▸ PROBLEM TO WORK ON
Copy exactly the lines of the material below that fall between the line with "GAP 갭 카모 후드티 상품이미지3" and the line with "東北7日目：一瞬の出来事、そして縁というもの。", both of those lines included; pictures stay out.

▸ RECORDS FOR THE TASK
━━━━

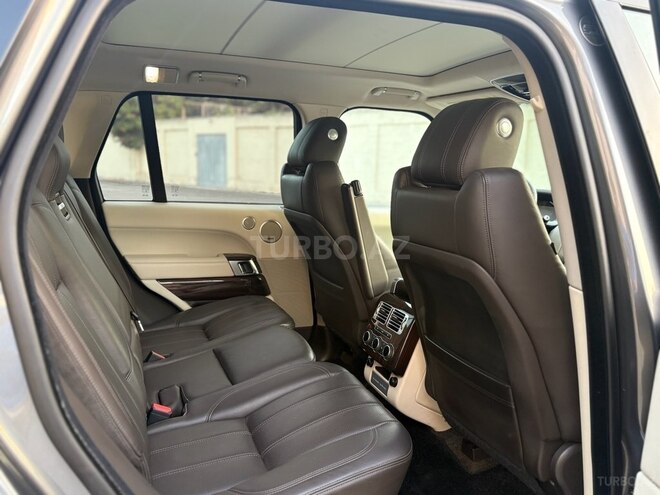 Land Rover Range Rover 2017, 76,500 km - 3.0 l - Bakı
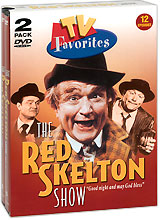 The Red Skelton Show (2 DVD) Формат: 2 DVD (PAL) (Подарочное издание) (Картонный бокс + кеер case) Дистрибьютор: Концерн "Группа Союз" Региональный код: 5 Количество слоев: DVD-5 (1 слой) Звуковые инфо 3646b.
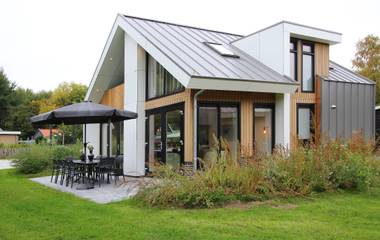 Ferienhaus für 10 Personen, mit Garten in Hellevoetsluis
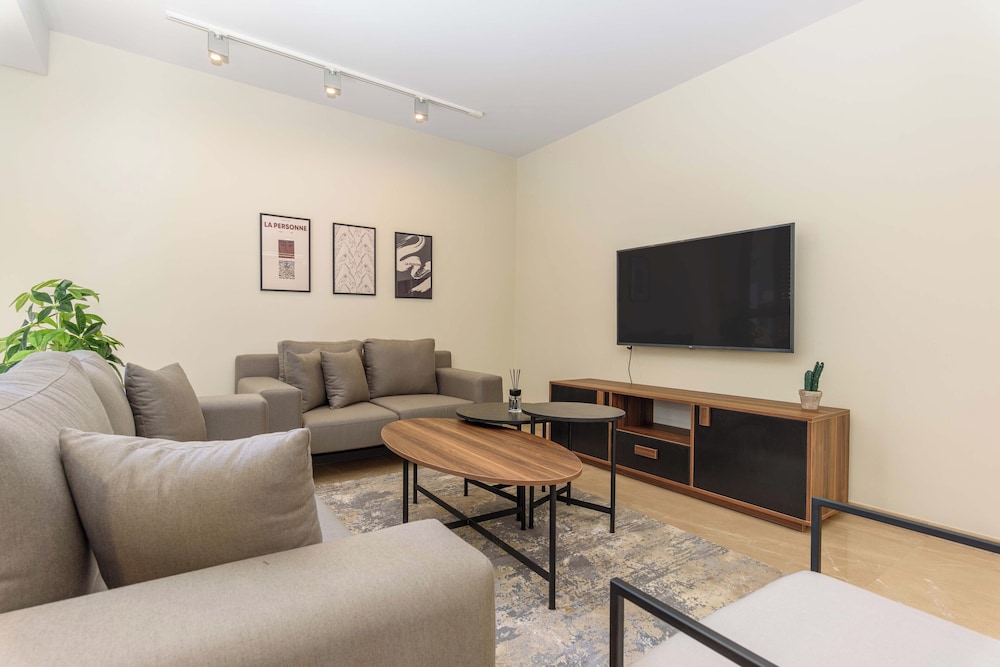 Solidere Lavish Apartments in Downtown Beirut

━━━━

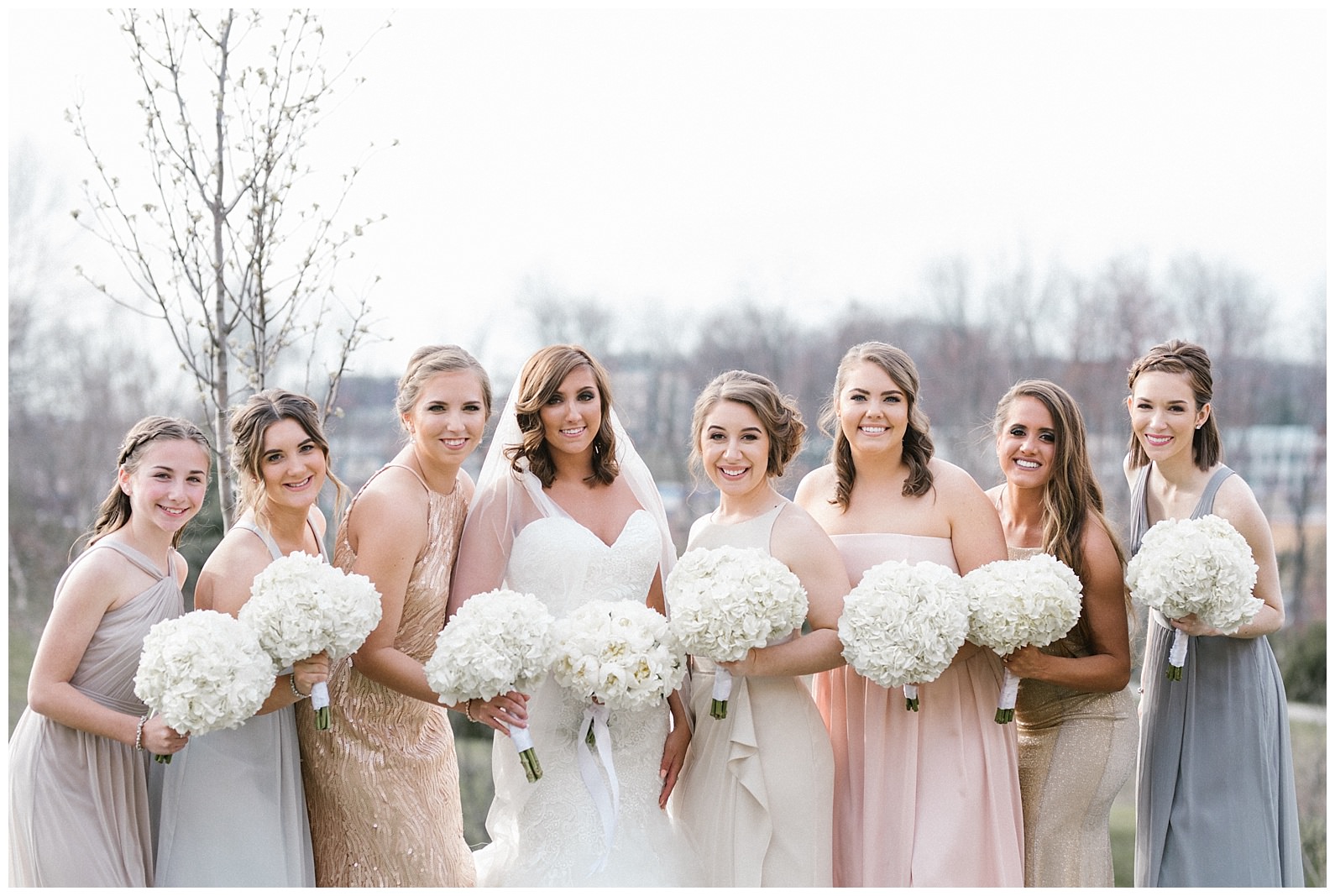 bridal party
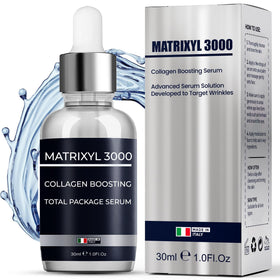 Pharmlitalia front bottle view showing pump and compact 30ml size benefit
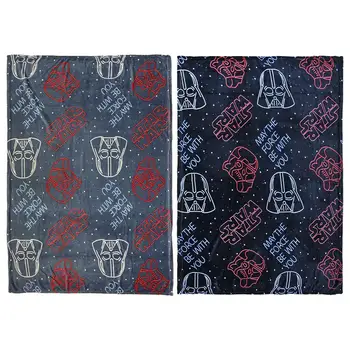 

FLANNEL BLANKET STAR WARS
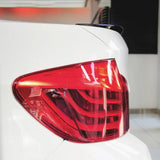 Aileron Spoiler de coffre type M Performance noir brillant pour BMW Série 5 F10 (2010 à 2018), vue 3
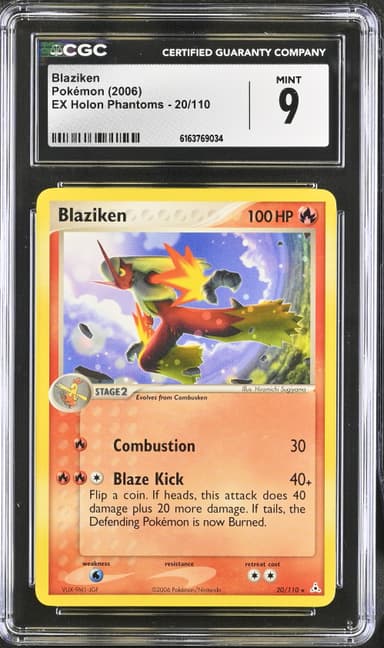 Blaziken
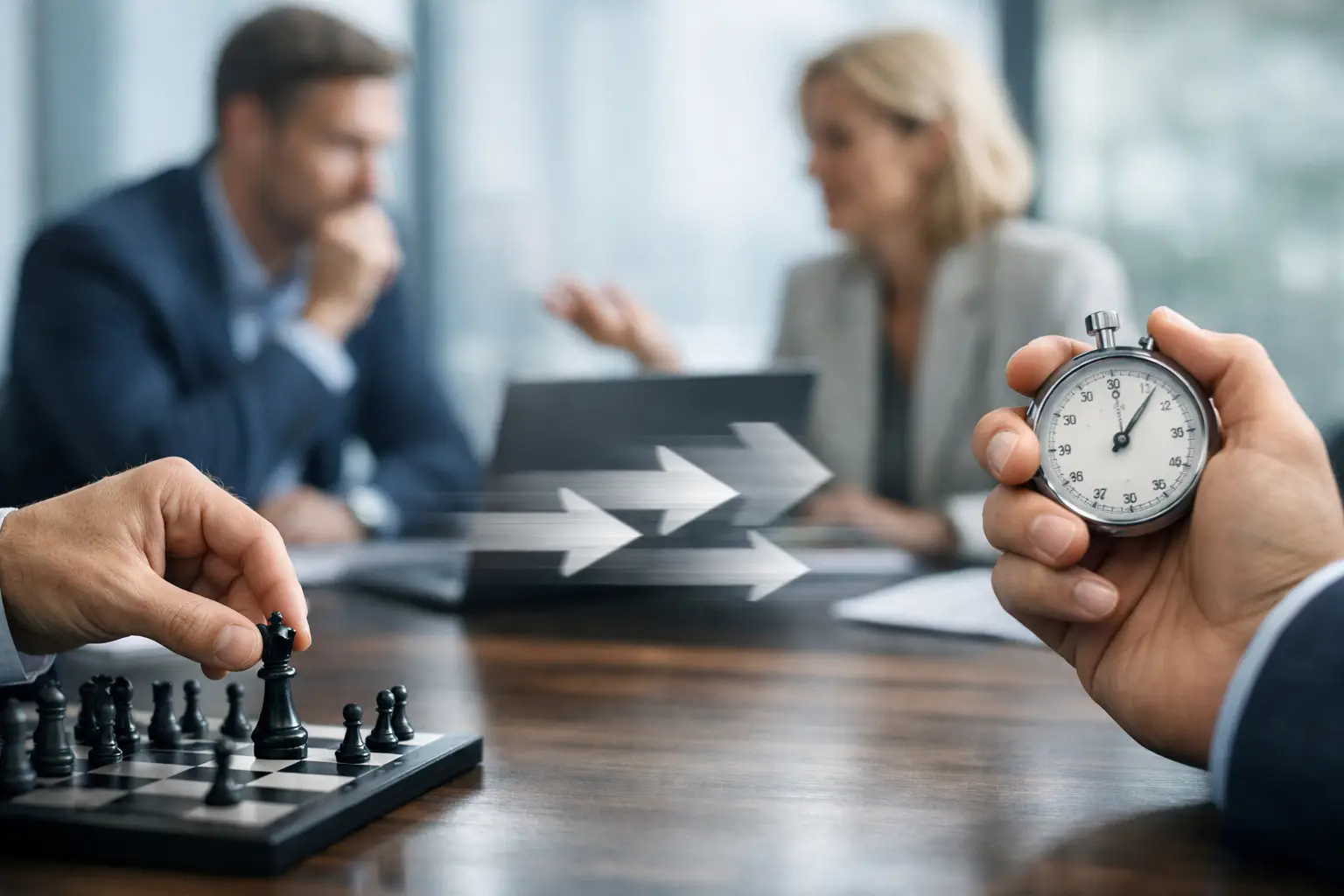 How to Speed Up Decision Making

━━━━

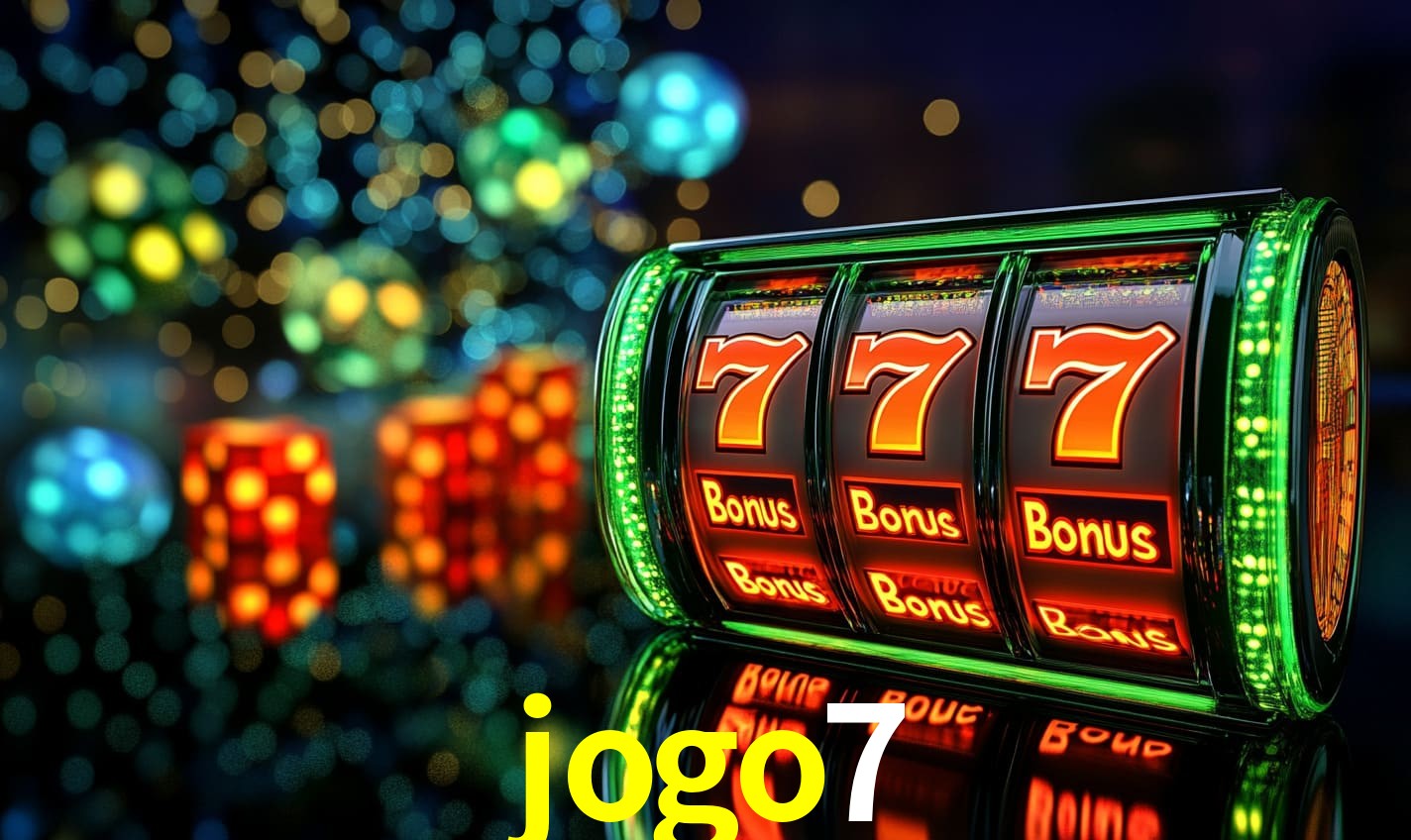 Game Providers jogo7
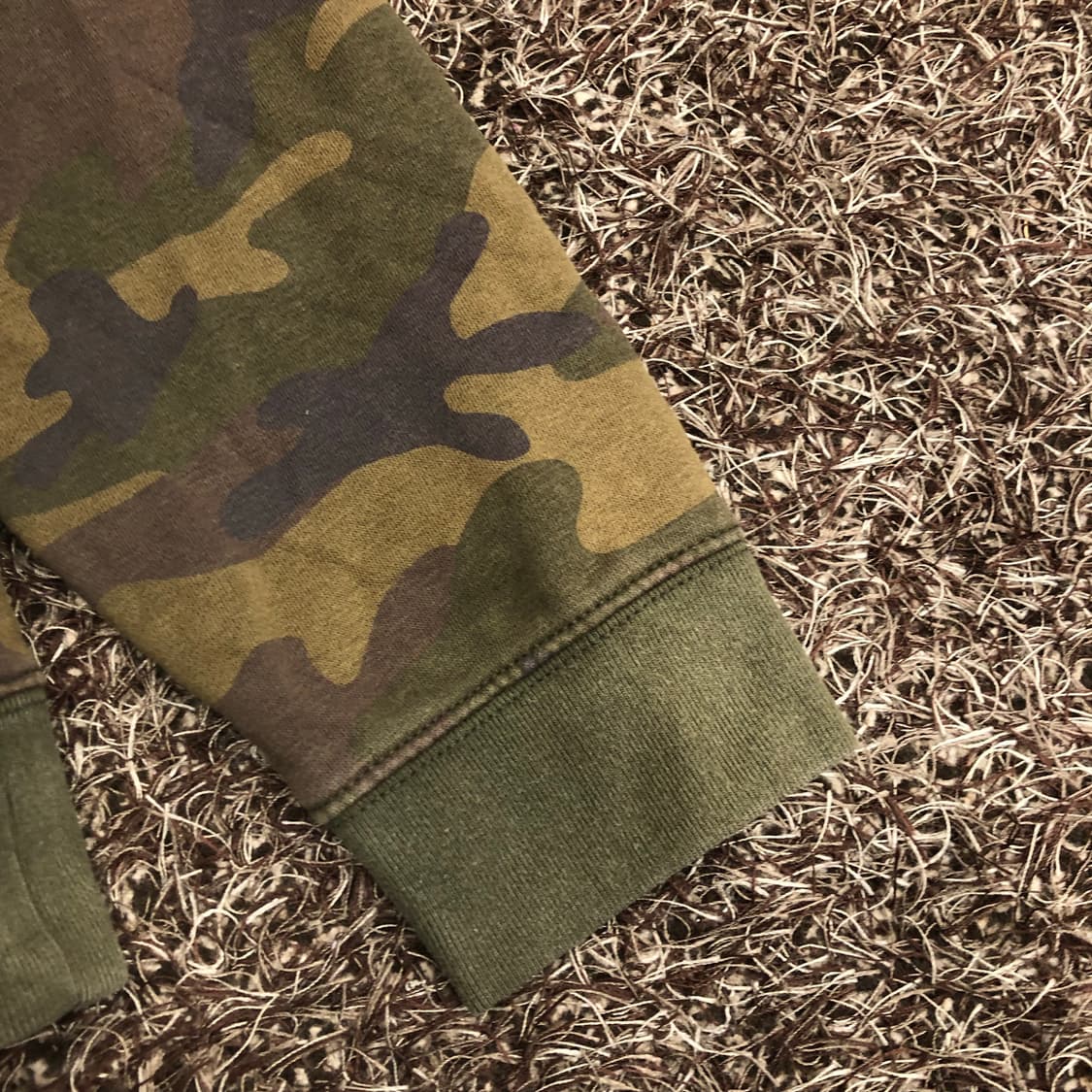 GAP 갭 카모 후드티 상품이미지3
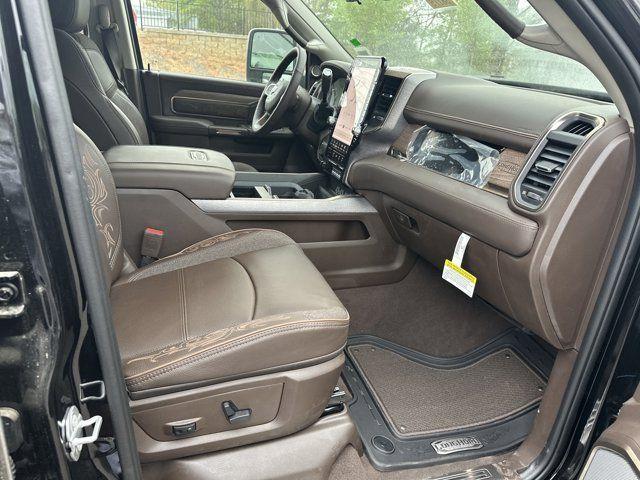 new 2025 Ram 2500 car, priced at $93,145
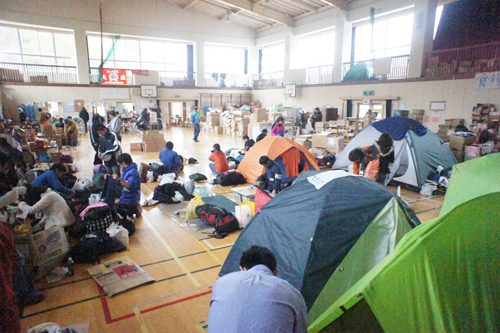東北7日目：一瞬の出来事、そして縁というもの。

━━━━

▸ ANSWER TO THE PROBLEM
 GAP 갭 카모 후드티 상품이미지3
 new 2025 Ram 2500 car, priced at $93,145
東北7日目：一瞬の出来事、そして縁というもの。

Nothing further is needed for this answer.